Water rescue team sharpens its ice-diving skills
Little-heralded outfit braves aquatic depths in Beijing for intensive training
The temperature gauge registers an unseasonably warm 5 C, yet the frozen expanse of water in northeastern Beijing feels significantly colder.
In the distance, the sky is clear and blue and ice fishermen quietly tend to their lines. But the tranquillity is soon disrupted by the roar of a chain saw, which draws a small crowd of curious onlookers who circle a group of firefighters and their equipment.
One of the firefighters cuts a triangular hole in the 20-centimeter-thick sheet of ice and three others emerge from a tent dressed in attire more suitable for a colder environment. They make their way toward the newly opened hole, located no more than 6 meters from the shore.

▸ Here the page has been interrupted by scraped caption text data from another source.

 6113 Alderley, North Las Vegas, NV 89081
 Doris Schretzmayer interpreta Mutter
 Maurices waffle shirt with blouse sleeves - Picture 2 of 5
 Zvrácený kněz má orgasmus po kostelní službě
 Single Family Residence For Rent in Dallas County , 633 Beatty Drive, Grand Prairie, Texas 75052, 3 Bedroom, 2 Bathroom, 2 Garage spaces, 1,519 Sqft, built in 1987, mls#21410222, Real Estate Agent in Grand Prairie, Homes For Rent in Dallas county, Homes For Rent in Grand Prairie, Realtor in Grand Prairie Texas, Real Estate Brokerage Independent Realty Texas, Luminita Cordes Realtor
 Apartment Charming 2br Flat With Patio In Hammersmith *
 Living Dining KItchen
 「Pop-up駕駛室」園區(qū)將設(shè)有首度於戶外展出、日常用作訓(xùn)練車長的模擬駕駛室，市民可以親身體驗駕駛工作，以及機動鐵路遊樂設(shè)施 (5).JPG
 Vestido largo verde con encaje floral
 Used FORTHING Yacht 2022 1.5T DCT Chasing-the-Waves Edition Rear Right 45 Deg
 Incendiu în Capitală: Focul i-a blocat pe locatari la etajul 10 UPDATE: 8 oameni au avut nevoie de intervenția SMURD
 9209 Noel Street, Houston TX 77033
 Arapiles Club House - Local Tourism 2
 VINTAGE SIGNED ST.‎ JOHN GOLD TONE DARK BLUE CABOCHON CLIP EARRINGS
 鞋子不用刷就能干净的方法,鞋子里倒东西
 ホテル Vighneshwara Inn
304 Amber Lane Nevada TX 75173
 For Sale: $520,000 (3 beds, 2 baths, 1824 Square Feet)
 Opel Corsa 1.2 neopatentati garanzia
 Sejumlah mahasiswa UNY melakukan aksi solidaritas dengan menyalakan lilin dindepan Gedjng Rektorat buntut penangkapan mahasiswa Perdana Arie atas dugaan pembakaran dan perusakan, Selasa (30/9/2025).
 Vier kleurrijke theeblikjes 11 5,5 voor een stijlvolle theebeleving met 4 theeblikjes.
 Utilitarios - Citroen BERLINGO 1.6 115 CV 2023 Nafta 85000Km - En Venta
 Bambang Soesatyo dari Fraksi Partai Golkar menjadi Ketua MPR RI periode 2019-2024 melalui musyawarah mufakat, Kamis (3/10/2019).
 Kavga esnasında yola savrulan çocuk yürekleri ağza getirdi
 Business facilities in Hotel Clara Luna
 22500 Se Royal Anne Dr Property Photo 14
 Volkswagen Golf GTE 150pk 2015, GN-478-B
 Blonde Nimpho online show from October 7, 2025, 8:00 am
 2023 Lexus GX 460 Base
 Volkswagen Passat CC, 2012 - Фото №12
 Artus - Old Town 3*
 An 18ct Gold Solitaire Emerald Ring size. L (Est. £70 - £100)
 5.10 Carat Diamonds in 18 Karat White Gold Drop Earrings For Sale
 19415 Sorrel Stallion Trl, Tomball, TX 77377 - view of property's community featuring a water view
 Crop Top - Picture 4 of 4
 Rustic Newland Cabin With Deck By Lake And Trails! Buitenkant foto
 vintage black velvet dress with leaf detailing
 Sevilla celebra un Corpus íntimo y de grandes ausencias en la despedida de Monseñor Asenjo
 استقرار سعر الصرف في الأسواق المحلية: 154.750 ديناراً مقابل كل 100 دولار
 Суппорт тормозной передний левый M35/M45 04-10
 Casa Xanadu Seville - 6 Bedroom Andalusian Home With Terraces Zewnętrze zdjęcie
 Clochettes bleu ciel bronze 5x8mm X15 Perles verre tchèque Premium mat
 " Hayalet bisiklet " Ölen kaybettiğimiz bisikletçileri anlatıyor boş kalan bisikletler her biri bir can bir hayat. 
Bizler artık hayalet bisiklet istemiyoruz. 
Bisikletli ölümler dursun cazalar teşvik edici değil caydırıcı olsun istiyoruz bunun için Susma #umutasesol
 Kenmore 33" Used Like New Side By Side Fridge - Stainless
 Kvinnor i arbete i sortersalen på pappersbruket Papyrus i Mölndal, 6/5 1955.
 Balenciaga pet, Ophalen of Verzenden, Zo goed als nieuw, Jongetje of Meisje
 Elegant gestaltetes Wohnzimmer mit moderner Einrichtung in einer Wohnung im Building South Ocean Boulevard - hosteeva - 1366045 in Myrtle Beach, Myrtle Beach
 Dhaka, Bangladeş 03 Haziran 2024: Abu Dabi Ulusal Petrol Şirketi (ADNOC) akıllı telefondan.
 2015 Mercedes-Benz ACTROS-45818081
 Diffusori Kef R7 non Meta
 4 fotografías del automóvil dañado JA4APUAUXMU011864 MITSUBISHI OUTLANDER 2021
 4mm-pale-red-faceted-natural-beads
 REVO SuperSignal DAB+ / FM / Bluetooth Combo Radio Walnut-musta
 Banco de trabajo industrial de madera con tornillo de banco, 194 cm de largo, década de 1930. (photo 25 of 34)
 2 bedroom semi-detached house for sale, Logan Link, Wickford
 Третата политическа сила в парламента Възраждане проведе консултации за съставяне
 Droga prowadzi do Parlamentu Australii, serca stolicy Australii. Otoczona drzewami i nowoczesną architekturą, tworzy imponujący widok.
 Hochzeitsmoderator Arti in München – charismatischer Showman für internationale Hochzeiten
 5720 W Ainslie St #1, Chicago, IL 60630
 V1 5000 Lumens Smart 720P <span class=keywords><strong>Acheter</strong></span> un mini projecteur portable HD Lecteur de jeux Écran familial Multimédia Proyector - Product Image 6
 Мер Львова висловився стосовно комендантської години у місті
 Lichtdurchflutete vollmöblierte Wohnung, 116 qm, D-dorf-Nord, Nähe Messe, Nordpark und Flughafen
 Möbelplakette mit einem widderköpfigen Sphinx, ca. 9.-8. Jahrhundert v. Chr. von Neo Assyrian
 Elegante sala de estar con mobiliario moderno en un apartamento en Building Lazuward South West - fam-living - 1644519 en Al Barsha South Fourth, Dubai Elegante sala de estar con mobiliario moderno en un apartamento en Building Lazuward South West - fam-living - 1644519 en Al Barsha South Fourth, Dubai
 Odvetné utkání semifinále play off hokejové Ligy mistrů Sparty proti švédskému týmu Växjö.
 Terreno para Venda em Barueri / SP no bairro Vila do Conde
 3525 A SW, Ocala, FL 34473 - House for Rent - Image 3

The firefighters are undergoing their annual training in ice diving, which usually takes place during the coldest time of the year in Beijing. The training typically includes exercises such as ice-cave traversal and underwater searches.
The firefighters belong to the Miyun Firefighting Water Rescue Team, a professional rescue outfit established in 2012 to meet the growing demand for aquatic rescue operations.
In June 2019, the Ministry of Emergency Management's Fire and Rescue Administration also established the National Water Rescue Beijing Brigade, to build upon the foundations put down by the Miyun team.
In China, there are now eight water rescue brigades similar to the one in Miyun district, which are comprised of hundreds of firefighters with expertise in such rescues. In recent years, they have participated in various operations during natural disasters including the 2021 Henan floods and the 2023 Beijing deluge.